[Short web captions]
□ □ □ □ □

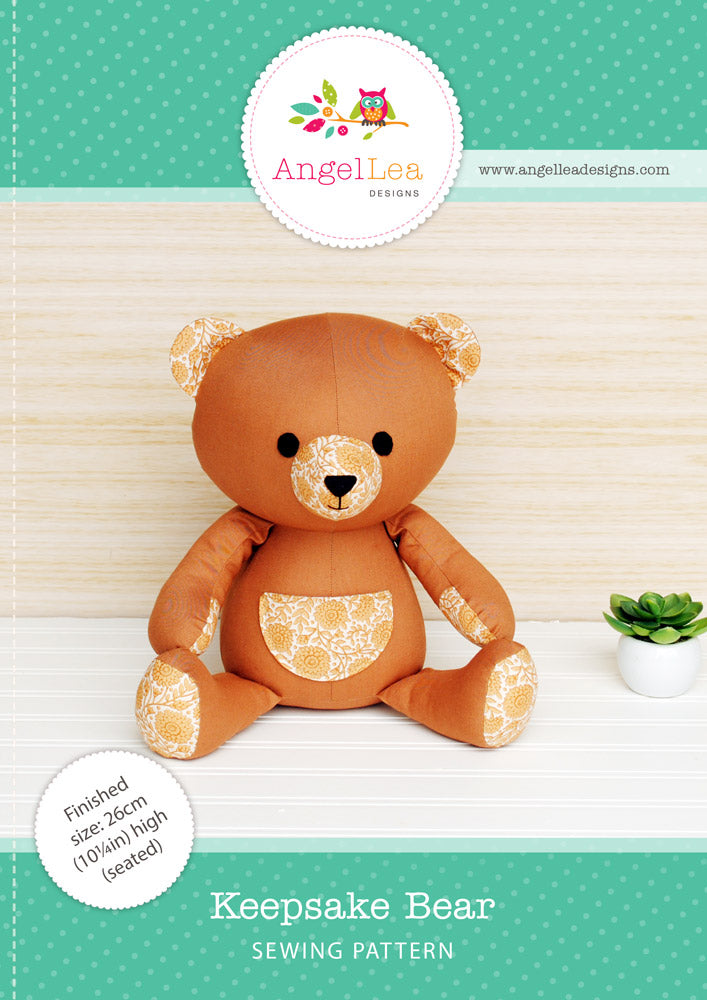 Keepsake Bear PDF Sewing Pattern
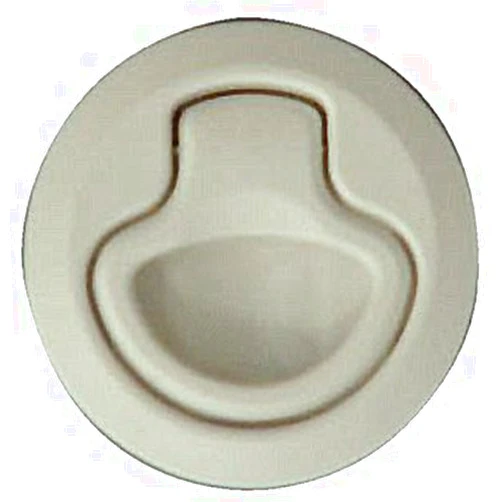 Teak Isle Southco Non-Locking Plastic Flush Latch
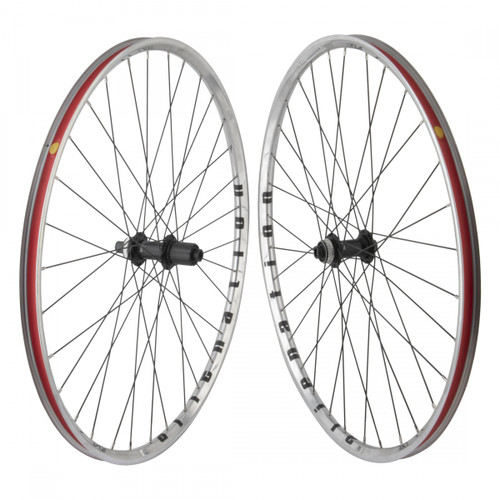 Wheel Master 700C Alloy Gravel Disc Double Wall 29in Silver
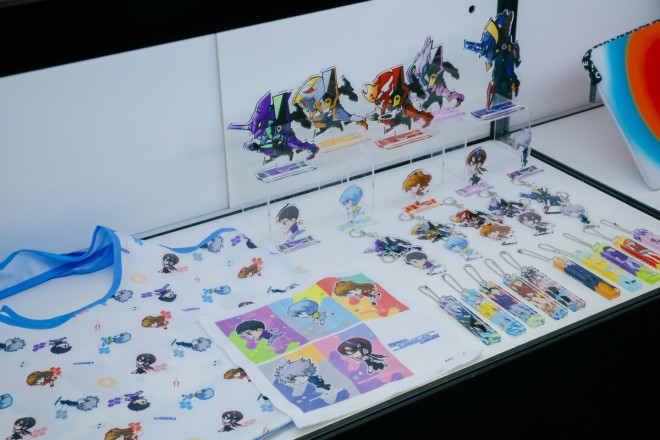 Scenes from EVANGELION 30+ 30th ANNIVERSARY OF EVANGELION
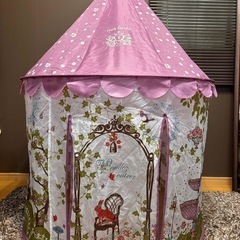 キッズテント　室内用の画像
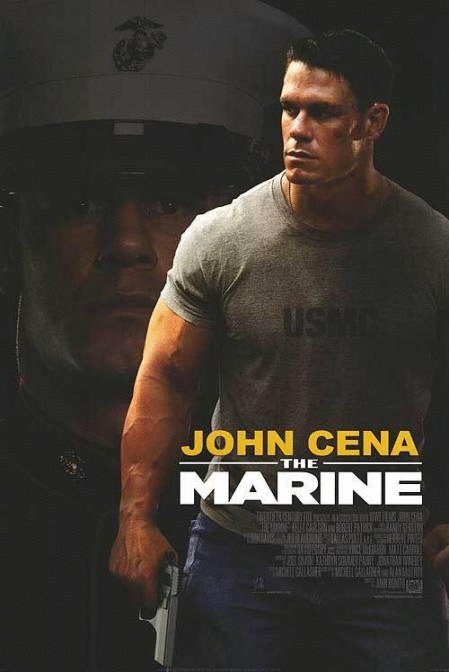 L'affiche du film The Marine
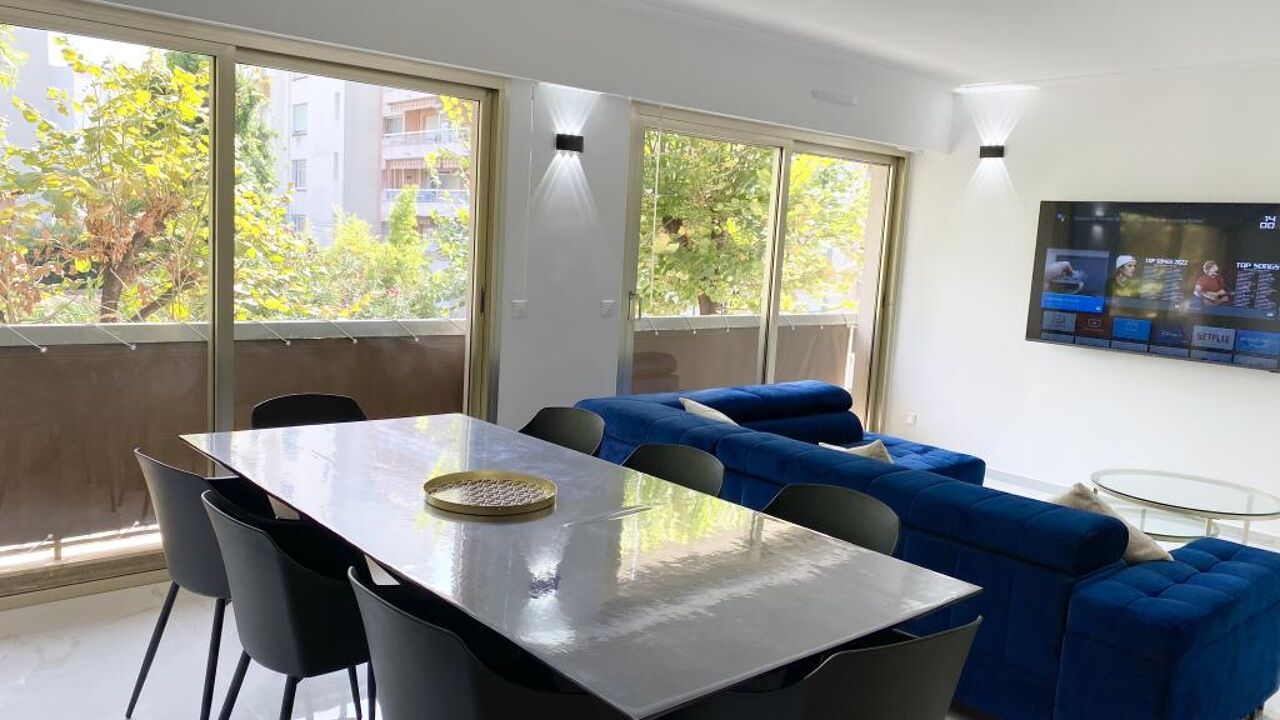 appartement 4 pièces 90 m2 à louer à Antibes (06600)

□ □ □ □ □

#### About this exercise:
Write out, word for word, the lines running from the one containing "L'affiche du film The Marine" to the end of the data above; the pictures are to be left out.

#### Task answer:
 L'affiche du film The Marine
 appartement 4 pièces 90 m2 à louer à Antibes (06600)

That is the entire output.